------ Data excerpts ------

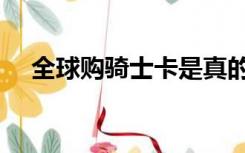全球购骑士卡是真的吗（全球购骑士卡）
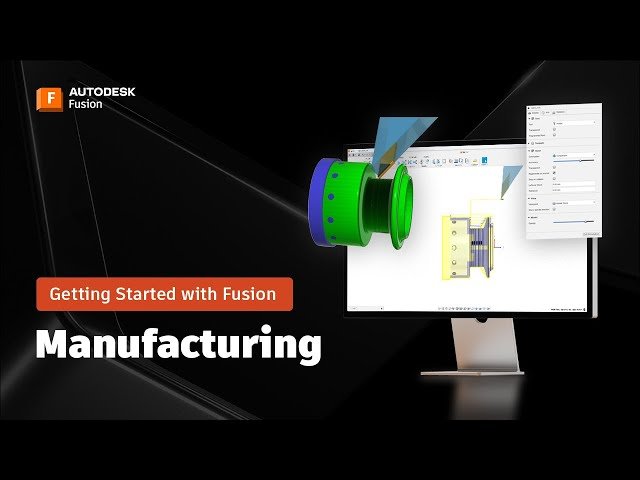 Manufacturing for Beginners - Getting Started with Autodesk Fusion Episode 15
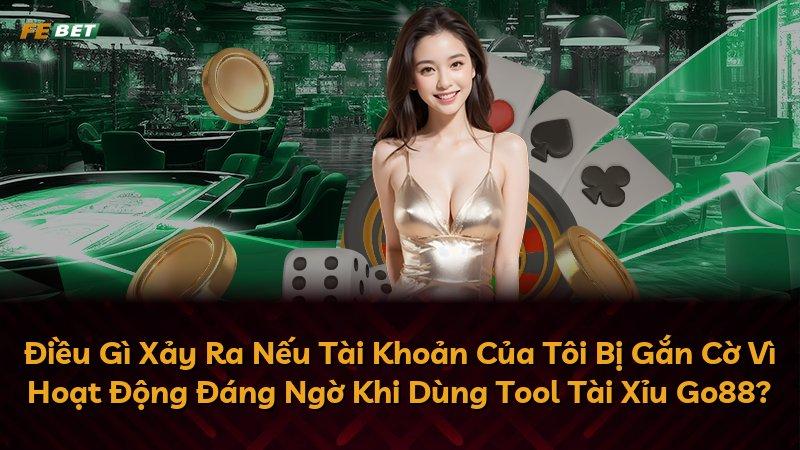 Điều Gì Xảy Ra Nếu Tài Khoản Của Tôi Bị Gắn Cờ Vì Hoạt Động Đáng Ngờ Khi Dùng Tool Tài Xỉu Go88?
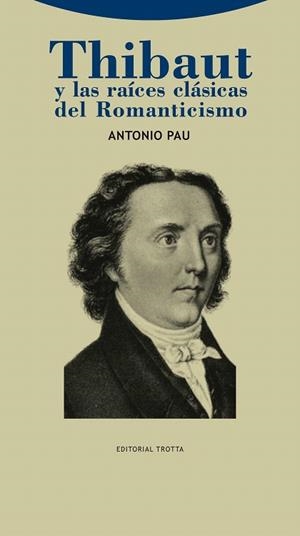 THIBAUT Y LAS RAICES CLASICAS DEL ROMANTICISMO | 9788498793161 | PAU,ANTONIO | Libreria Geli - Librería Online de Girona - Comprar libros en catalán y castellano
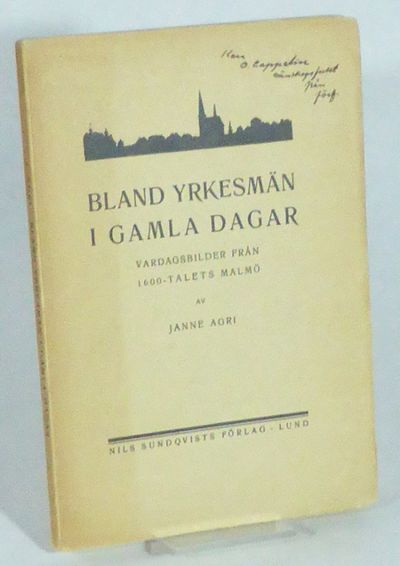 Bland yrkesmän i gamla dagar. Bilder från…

------
------ Data excerpts ------

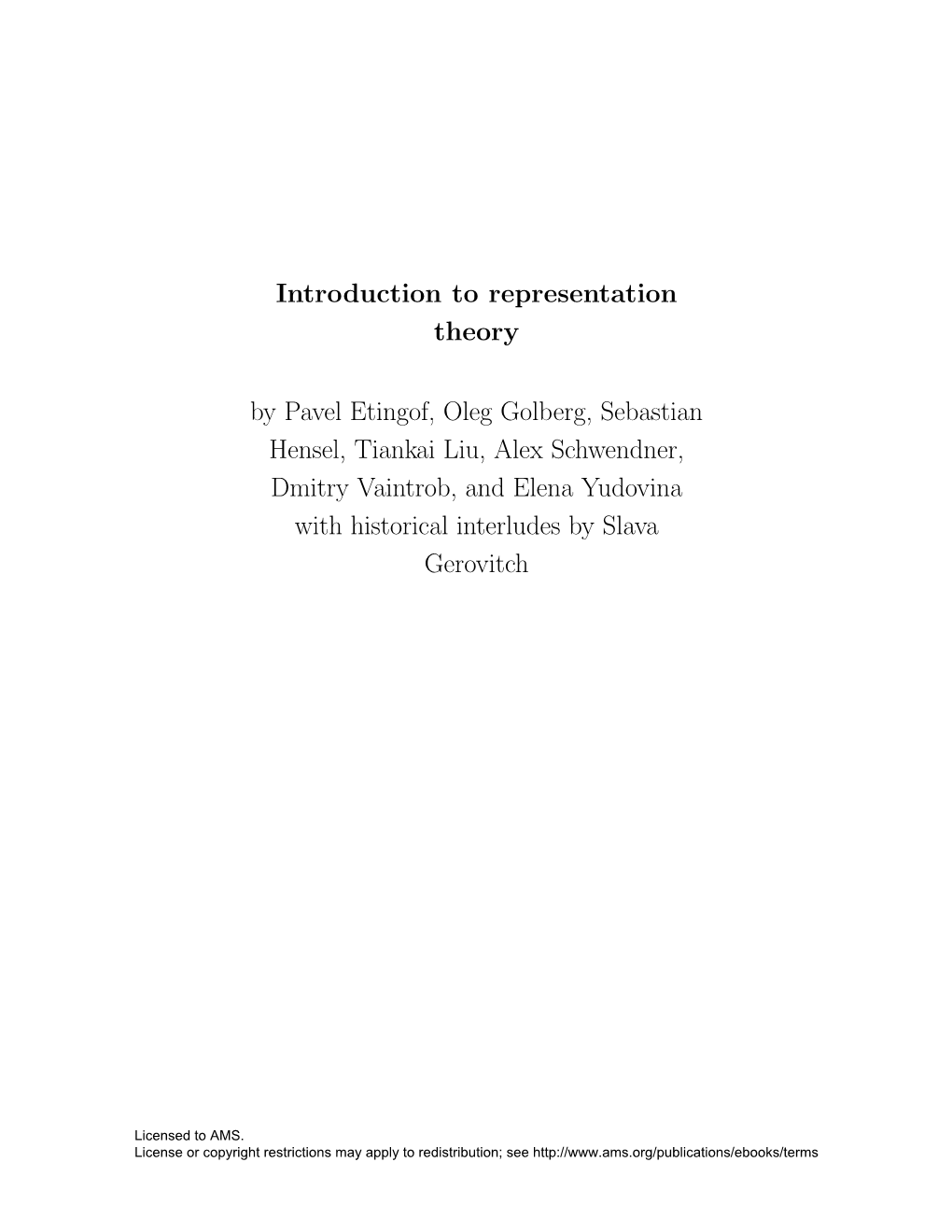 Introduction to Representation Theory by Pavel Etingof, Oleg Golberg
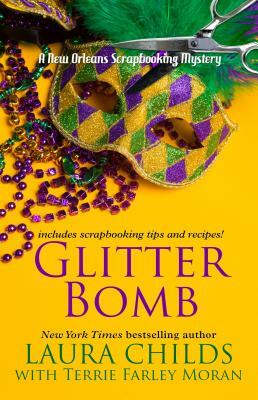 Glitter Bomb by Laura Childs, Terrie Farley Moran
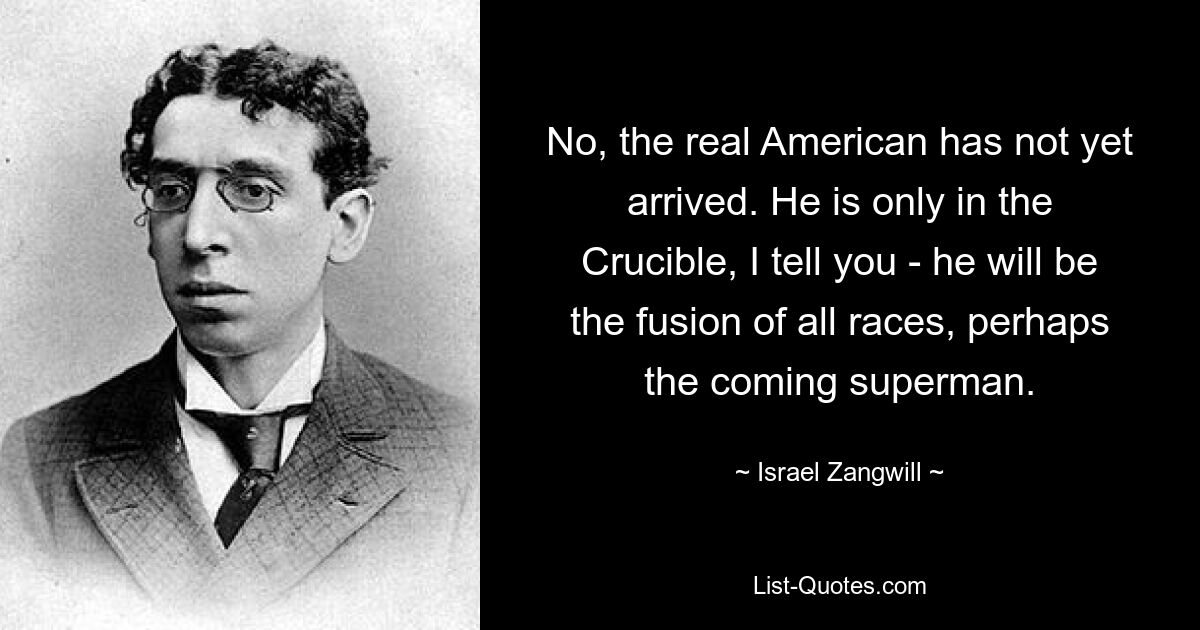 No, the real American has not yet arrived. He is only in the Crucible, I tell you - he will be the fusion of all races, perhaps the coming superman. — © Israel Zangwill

------

> Aim of the task
Pictures aside, return exactly the lines from the data above, starting at the line that has "Glitter Bomb by" and ending at the line that has "No, the real", both included.

> Finished exercise
 Glitter Bomb by Laura Childs, Terrie Farley Moran
 No, the real American has not yet arrived. He is only in the Crucible, I tell you - he will be the fusion of all races, perhaps the coming superman. — © Israel Zangwill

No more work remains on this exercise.